(Web page caption snippets)
• • • • • • •

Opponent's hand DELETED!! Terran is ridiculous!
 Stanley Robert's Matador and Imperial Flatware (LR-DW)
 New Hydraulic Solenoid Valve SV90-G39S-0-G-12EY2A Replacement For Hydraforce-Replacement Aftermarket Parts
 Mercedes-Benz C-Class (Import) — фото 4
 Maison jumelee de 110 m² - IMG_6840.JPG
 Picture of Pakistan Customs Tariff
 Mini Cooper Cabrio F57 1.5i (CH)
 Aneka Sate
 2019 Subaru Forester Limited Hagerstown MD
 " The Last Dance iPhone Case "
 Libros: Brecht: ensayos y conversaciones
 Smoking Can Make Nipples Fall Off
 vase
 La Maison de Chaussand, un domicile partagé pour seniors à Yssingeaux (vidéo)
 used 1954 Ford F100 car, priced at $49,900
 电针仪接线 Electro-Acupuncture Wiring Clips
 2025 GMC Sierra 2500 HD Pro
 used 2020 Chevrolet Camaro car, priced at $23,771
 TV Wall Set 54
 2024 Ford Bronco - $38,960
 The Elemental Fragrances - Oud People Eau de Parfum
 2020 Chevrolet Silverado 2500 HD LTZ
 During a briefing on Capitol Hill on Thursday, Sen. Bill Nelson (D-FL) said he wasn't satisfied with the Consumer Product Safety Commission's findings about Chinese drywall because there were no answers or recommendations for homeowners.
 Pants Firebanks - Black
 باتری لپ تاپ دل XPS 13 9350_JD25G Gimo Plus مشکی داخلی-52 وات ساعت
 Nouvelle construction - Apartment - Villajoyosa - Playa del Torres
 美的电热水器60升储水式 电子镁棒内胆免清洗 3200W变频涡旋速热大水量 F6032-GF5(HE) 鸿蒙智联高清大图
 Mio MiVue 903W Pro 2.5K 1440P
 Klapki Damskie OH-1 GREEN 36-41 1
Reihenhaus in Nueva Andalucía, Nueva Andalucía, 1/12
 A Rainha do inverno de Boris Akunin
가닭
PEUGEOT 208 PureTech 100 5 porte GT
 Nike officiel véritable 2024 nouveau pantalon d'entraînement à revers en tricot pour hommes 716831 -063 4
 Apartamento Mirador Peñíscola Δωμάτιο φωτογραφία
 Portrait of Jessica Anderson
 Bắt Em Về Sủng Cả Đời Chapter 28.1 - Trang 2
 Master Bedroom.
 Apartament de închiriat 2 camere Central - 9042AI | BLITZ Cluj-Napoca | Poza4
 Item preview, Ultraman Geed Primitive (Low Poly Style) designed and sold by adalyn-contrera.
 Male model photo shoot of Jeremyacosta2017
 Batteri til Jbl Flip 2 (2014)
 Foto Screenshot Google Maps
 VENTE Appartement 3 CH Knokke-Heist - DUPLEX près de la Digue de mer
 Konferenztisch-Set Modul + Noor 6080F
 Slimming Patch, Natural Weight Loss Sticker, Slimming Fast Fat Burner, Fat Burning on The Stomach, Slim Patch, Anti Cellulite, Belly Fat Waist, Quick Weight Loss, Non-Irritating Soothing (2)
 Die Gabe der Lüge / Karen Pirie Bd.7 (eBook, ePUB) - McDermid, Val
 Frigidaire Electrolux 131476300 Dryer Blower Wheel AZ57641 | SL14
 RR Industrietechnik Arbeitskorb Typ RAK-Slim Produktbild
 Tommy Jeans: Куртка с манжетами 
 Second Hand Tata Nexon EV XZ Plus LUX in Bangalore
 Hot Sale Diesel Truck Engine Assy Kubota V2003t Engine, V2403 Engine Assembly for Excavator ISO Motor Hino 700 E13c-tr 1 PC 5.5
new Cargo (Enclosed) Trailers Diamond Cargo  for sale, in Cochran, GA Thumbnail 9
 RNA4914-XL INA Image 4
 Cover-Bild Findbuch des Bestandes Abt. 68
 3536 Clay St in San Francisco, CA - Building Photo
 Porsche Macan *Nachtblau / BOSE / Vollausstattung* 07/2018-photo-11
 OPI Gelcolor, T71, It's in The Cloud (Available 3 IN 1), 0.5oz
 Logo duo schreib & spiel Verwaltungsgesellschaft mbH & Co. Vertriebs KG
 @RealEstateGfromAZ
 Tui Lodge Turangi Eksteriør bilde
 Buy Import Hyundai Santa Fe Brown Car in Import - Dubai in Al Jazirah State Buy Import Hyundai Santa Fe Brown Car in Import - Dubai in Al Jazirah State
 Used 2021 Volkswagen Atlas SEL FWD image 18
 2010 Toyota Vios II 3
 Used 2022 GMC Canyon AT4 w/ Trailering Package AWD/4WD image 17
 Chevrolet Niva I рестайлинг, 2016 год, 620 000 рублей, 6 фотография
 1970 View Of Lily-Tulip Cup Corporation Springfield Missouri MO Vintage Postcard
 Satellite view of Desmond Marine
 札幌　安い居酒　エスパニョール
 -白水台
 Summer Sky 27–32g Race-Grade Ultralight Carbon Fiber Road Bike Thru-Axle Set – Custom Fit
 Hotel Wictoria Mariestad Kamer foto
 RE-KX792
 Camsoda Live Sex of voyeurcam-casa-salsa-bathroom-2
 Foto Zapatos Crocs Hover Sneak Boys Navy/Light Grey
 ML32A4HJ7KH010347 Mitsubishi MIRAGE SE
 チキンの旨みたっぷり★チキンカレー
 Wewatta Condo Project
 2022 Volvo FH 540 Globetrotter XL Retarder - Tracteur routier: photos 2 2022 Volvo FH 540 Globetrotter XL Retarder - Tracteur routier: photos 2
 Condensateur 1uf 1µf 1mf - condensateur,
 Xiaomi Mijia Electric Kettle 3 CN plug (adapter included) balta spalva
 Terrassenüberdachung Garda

• • • • • • •

YOUR OBJECTIVE: Set down only the lines above that fall between the line holding "美的电热水器60升储水式 电子镁棒内胆免清洗 3200W变频涡旋速热大水量" and the line holding "Tommy Jeans: Куртка с манжетами", inclusive, keeping each exact.

SOLUTION FOR THIS TASK:
 美的电热水器60升储水式 电子镁棒内胆免清洗 3200W变频涡旋速热大水量 F6032-GF5(HE) 鸿蒙智联高清大图
 Mio MiVue 903W Pro 2.5K 1440P
 Klapki Damskie OH-1 GREEN 36-41 1
Reihenhaus in Nueva Andalucía, Nueva Andalucía, 1/12
 A Rainha do inverno de Boris Akunin
가닭
PEUGEOT 208 PureTech 100 5 porte GT
 Nike officiel véritable 2024 nouveau pantalon d'entraînement à revers en tricot pour hommes 716831 -063 4
 Apartamento Mirador Peñíscola Δωμάτιο φωτογραφία
 Portrait of Jessica Anderson
 Bắt Em Về Sủng Cả Đời Chapter 28.1 - Trang 2
 Master Bedroom.
 Apartament de închiriat 2 camere Central - 9042AI | BLITZ Cluj-Napoca | Poza4
 Item preview, Ultraman Geed Primitive (Low Poly Style) designed and sold by adalyn-contrera.
 Male model photo shoot of Jeremyacosta2017
 Batteri til Jbl Flip 2 (2014)
 Foto Screenshot Google Maps
 VENTE Appartement 3 CH Knokke-Heist - DUPLEX près de la Digue de mer
 Konferenztisch-Set Modul + Noor 6080F
 Slimming Patch, Natural Weight Loss Sticker, Slimming Fast Fat Burner, Fat Burning on The Stomach, Slim Patch, Anti Cellulite, Belly Fat Waist, Quick Weight Loss, Non-Irritating Soothing (2)
 Die Gabe der Lüge / Karen Pirie Bd.7 (eBook, ePUB) - McDermid, Val
 Frigidaire Electrolux 131476300 Dryer Blower Wheel AZ57641 | SL14
 RR Industrietechnik Arbeitskorb Typ RAK-Slim Produktbild
 Tommy Jeans: Куртка с манжетами 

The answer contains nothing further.